Under the Commission’s sub-loop unbundling determination, released today, competitors are provided with access to Telecom’s roadside cabinets.
The Commission’s decision covers the three unbundled sub-loop service. The sub-loop unbundled copper local loop service provides competitors with access to the copper line between Telecom’s roadside cabinets and customers’ premises and the sub-loop co-location service allows these competitors to locate equipment within Telecom’s cabinets. The sub-loop backhaul service provides fibre transmission capacity between these cabinets and Telecom’s local telephone exchange buildings.

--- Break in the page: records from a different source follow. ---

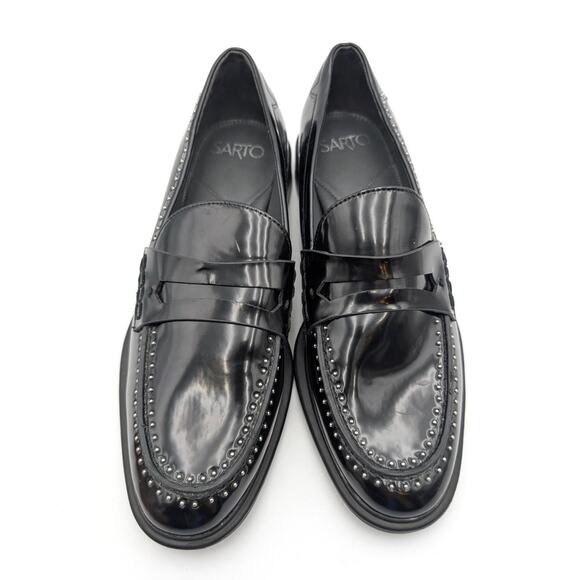 Sarto by Franco Sarto Eden Studded Penny Loafer Shoes Women's Size US9M EU40 - Picture 13 of 13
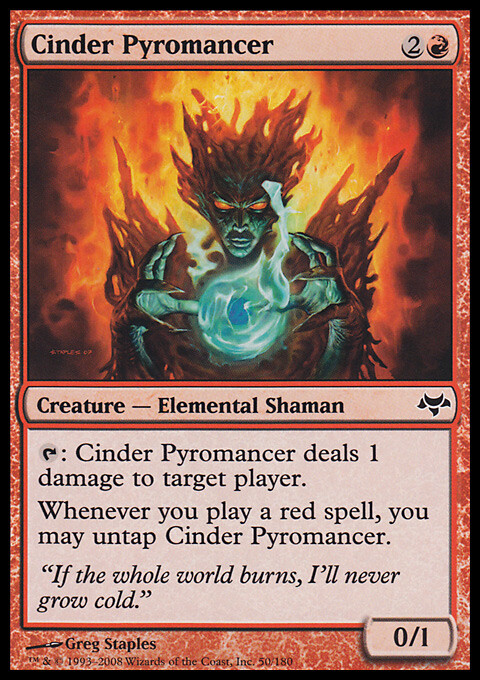 MTG Magic the Gathering Cinder Pyromancer (50/187) Eventide LP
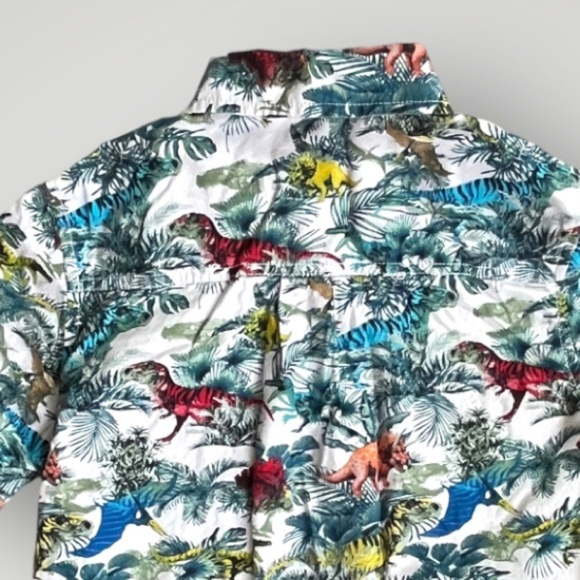 🟢5/$25 365 Kids Dinosaur Button-Down Shirt Garanimals - Picture 11 of 12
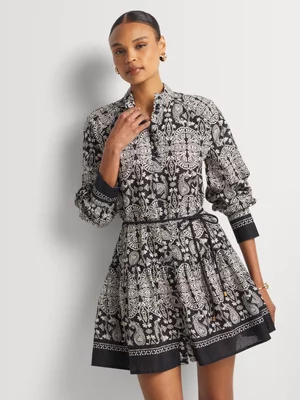 Tiered Hem Shirt Dress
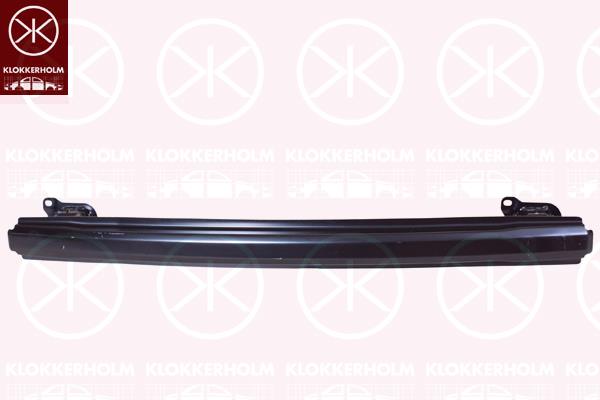 Support, bumper, Rear, Steel, 5J9807305A (SKODA), 5J9807305C (SKODA)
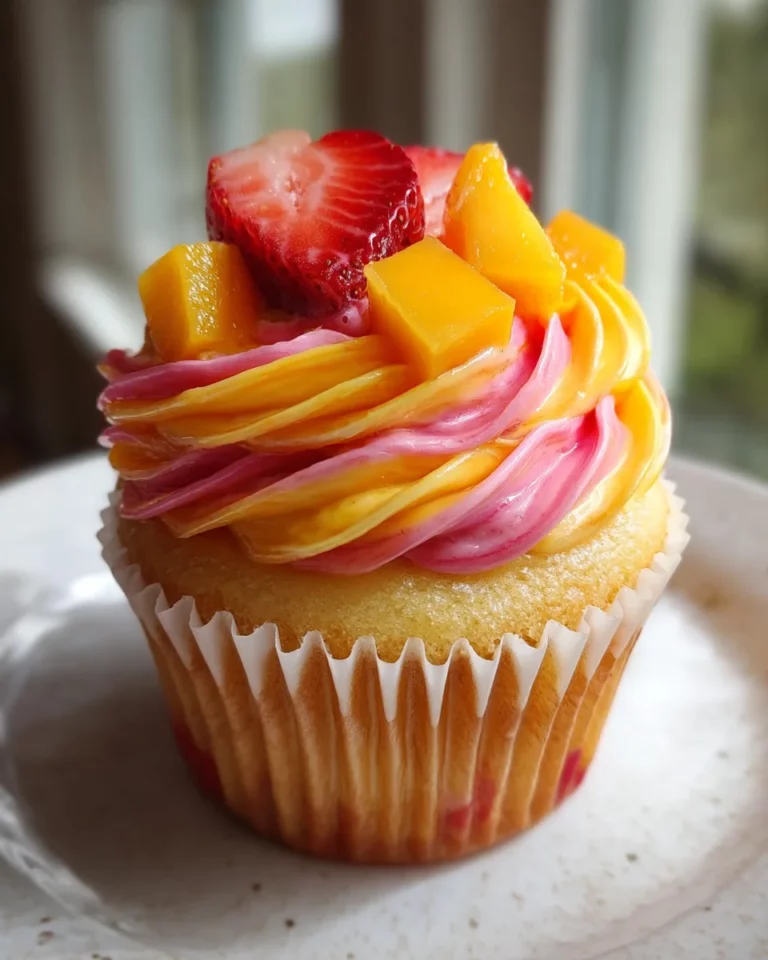 Mango-Erdbeer Sunset Cupcakes: Fruchtiger Sommergenuss!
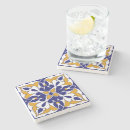 Search for moroccan coasters Blue and white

The Commission has set a monthly rental charge ($11.99 per line in urban areas and $22.14 in rural areas) that Telecom’s competitors must pay for access to the sub-loop unbundled copper local loop service. The monthly rental for the sub-loop co-location and sub-loop backhaul services will be calculated on a cabinet-by-cabinet basis.
The charge is related to the cost of the cabinet, the Commerce Commission says. The Commission has decided that, for cabinet co-location, each party will pay a share of the cost of the roadside cabinet based on the proportion of occupied space that it is using.
The Commission says it has balanced the investment incentives of Telecom and its competitors.
"Although the combined cost per customer for the unbundled sub-loop services is approximately 26% higher than the corresponding costs for local loop unbundling, service providers will be able to provide customers with higher-value services over the sub-loop services," it says in a statement. The determinations received a harsh reception from Orcon CEO Scott Bartlett. “The commission has failed to protect the interests of consumers, instead opting for a pricing structure that inevitably will lead to market domination by one player," he said in a statement today. “The commission’s decision not only prices Telecom competitors out of the game it also lacks any alternatives for continued investment in local loop unbundling, taking us back to the ‘bad old days’." Bartlett says all of the improvements in broadband price, speed and service Kiwi consumers have benefited from during the past two years have been as a result of competition brought about by unbundling. But that may be coming to an end. “With this determination, any player would need between 25% and 30% market share to engage in sub-loop unbundling. That’s about as much as the entire non-Telecom industry players combined," he says. “The determination is flawed. He says the commission's asumption that higher costs will be paid for by high value services is flawed given the state of the economy and pressure on prices. He adds that Telecom's “Loyalty” offers to ISPs not unbundling demonstrate company's costs aren’t as high as they say they are. "Because Orcon led the unbundling of the local loop, the so-called loyalty offers have been structured in such a way as to prevent us from taking advantage of them. This is a blatant breach of the separation undertakings," he says.